- **Records shown**:
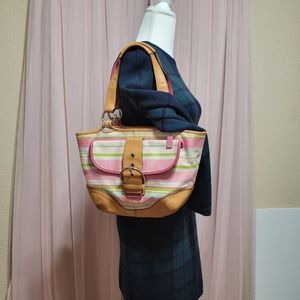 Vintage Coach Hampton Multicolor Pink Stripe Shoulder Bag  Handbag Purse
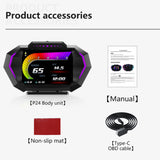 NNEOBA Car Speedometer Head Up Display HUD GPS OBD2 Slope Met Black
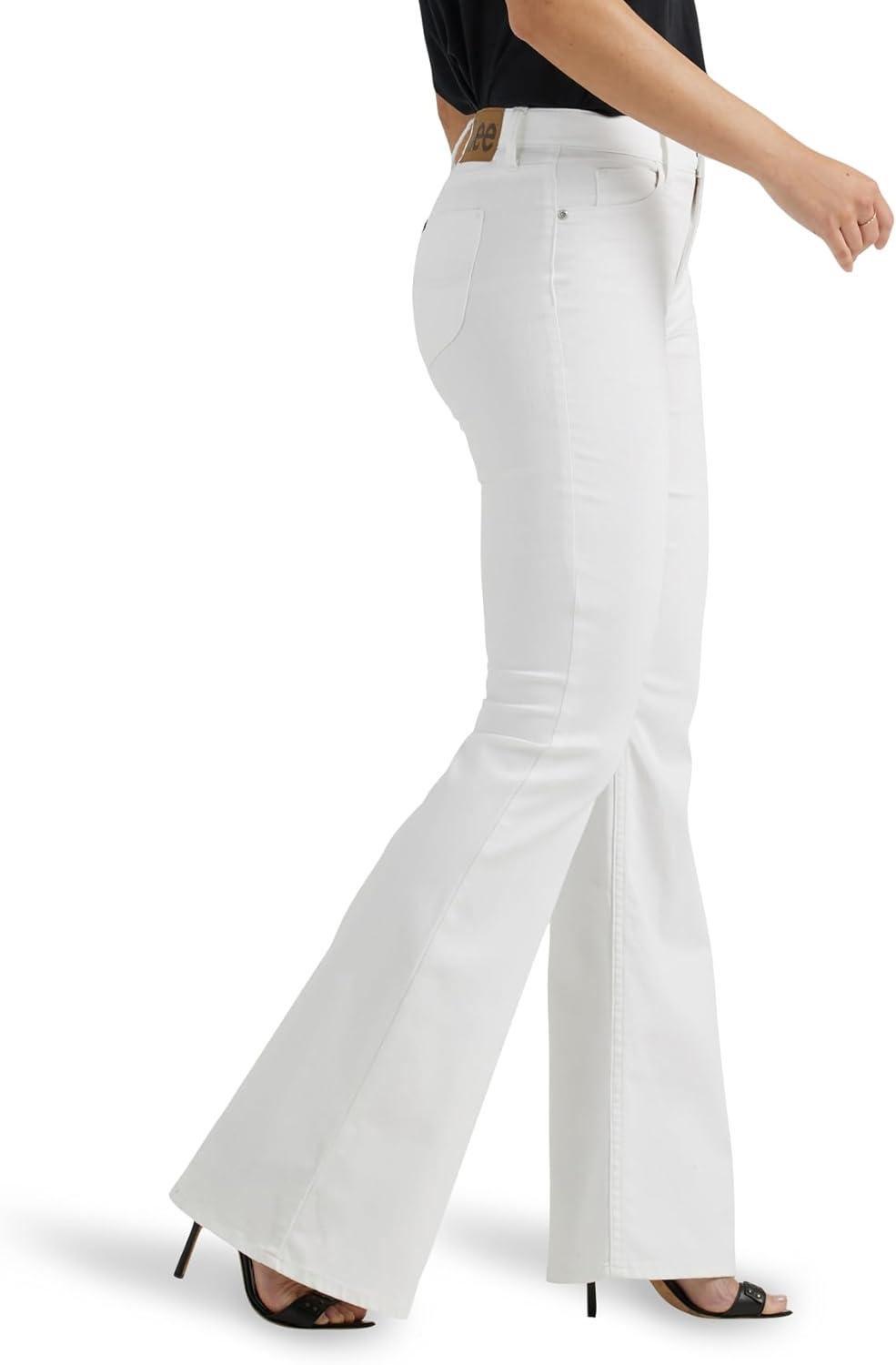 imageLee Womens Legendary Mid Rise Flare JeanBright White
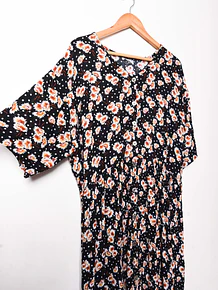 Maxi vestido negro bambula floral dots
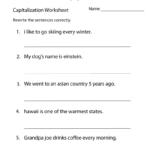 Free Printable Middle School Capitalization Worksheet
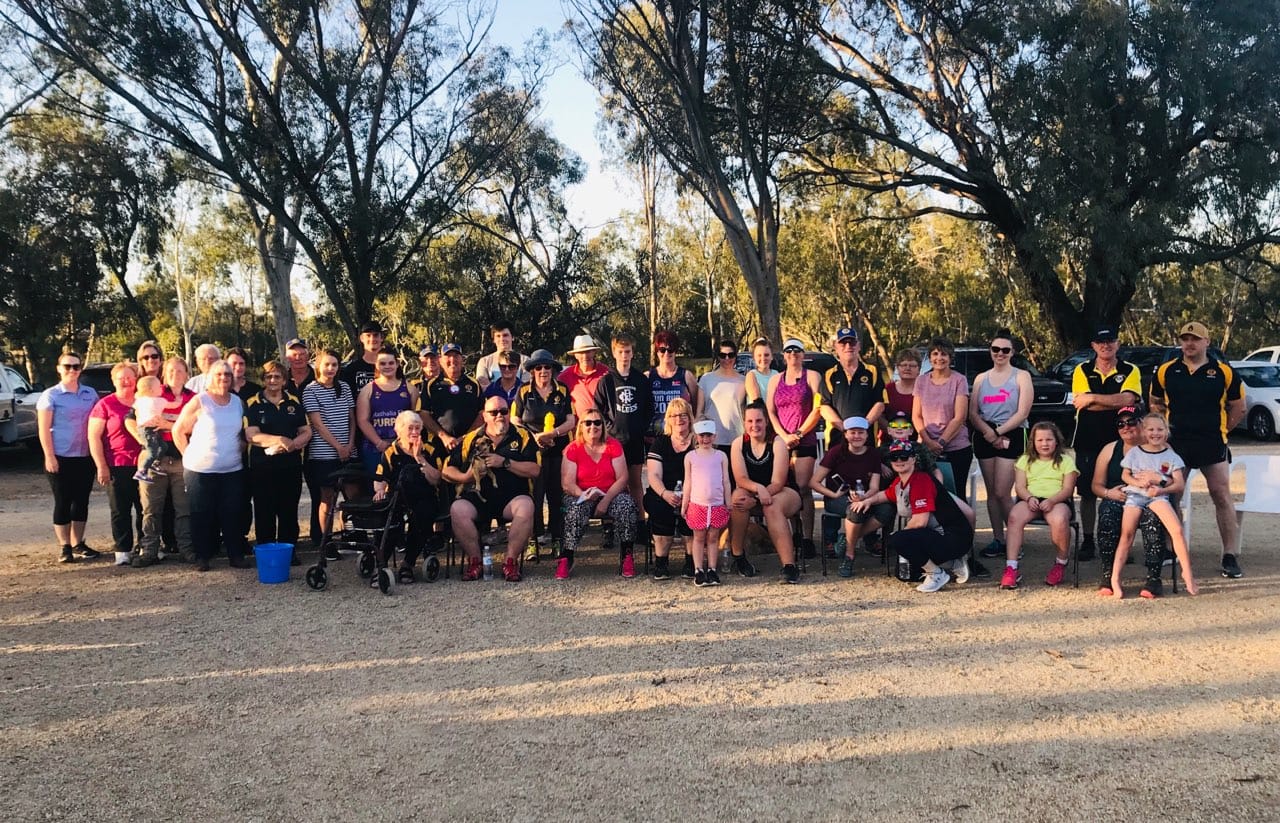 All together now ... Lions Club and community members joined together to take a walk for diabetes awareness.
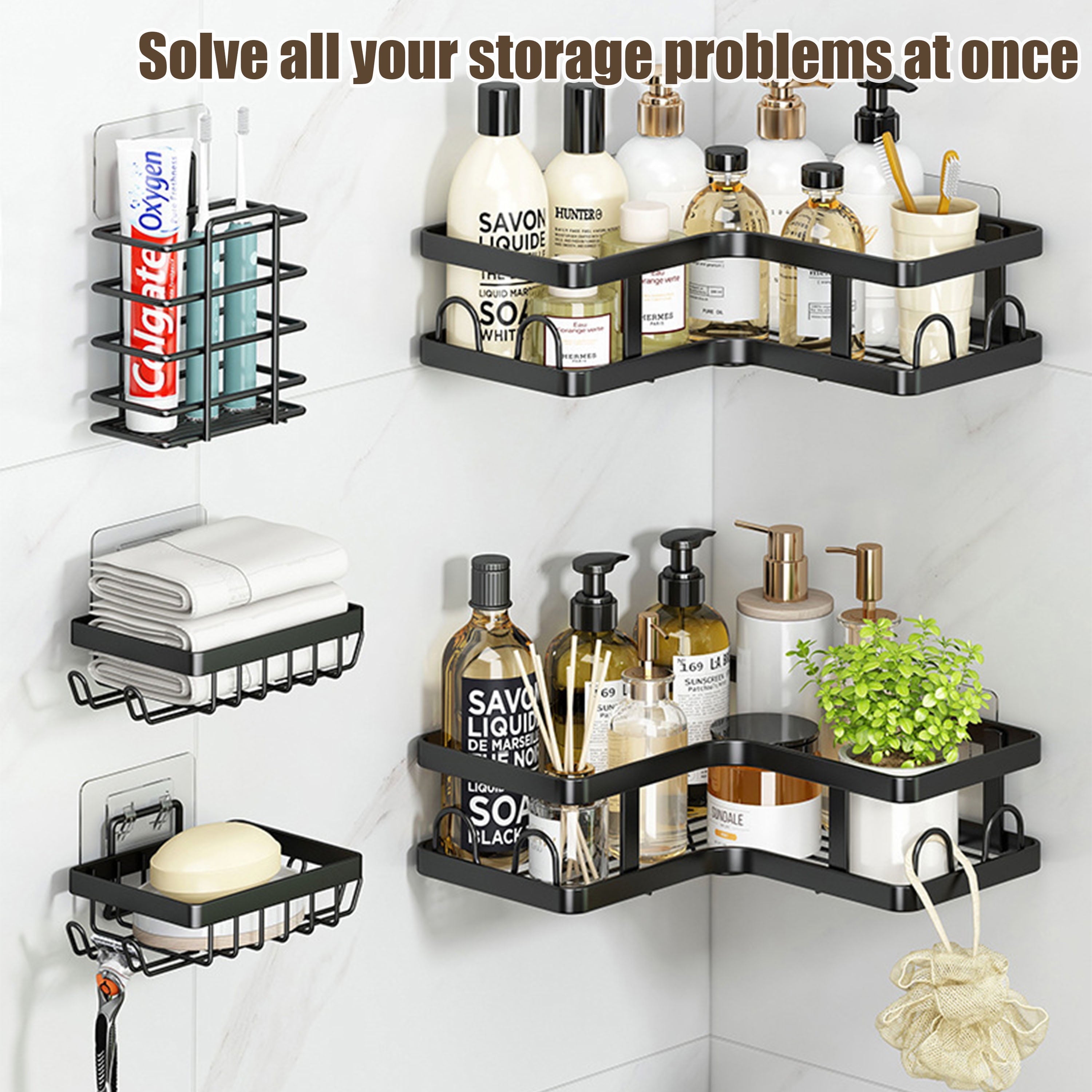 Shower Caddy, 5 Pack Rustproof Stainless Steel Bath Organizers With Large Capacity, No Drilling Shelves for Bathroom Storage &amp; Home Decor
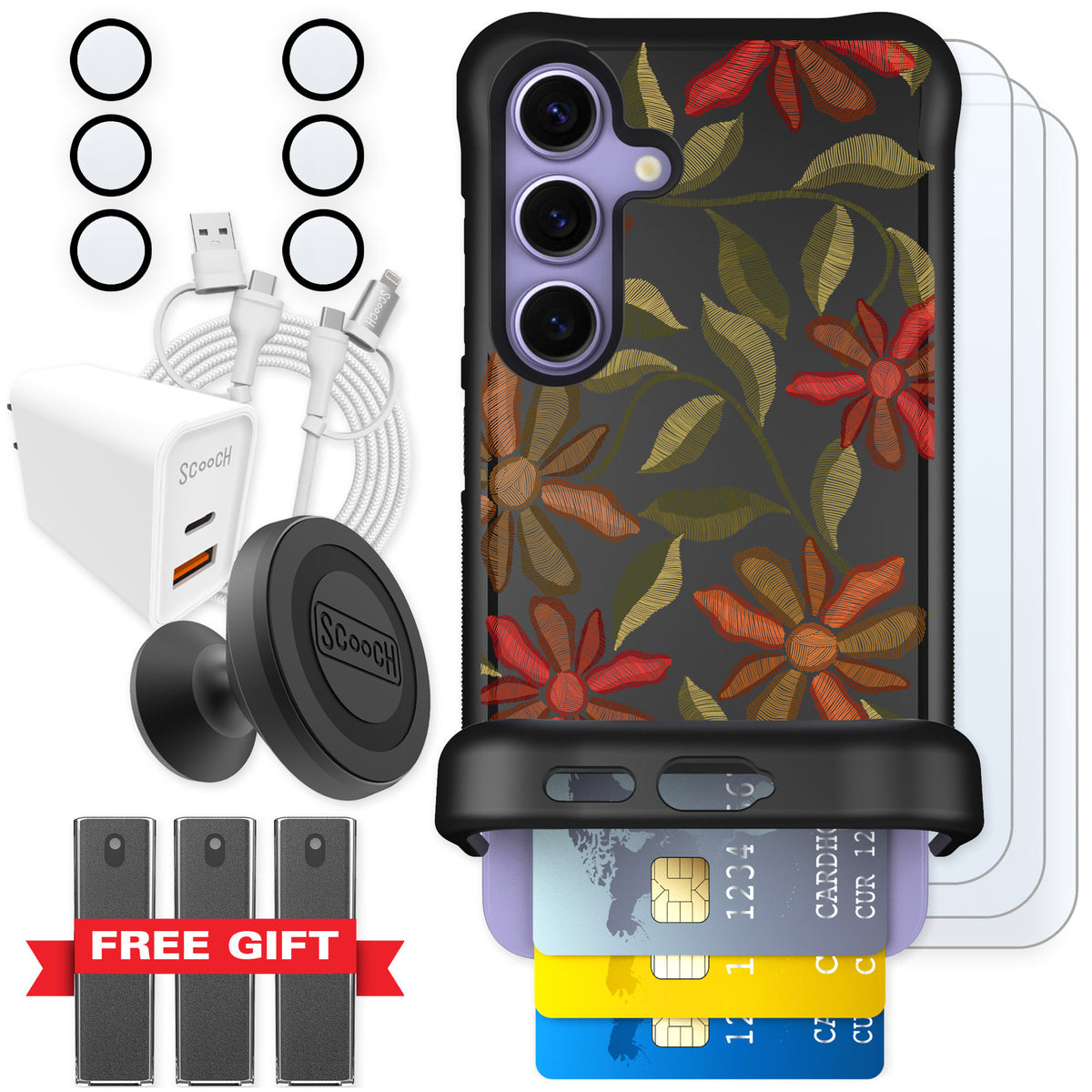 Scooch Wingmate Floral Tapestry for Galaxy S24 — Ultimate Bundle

- **What needs to be done**: Set down all of the entries precisely and keep the pictures out of the copy.

- **Response for this exercise**:
 Vintage Coach Hampton Multicolor Pink Stripe Shoulder Bag  Handbag Purse
 NNEOBA Car Speedometer Head Up Display HUD GPS OBD2 Slope Met Black
 imageLee Womens Legendary Mid Rise Flare JeanBright White
 Maxi vestido negro bambula floral dots
 Free Printable Middle School Capitalization Worksheet
 All together now ... Lions Club and community members joined together to take a walk for diabetes awareness.
 Shower Caddy, 5 Pack Rustproof Stainless Steel Bath Organizers With Large Capacity, No Drilling Shelves for Bathroom Storage &amp; Home Decor
 Scooch Wingmate Floral Tapestry for Galaxy S24 — Ultimate Bundle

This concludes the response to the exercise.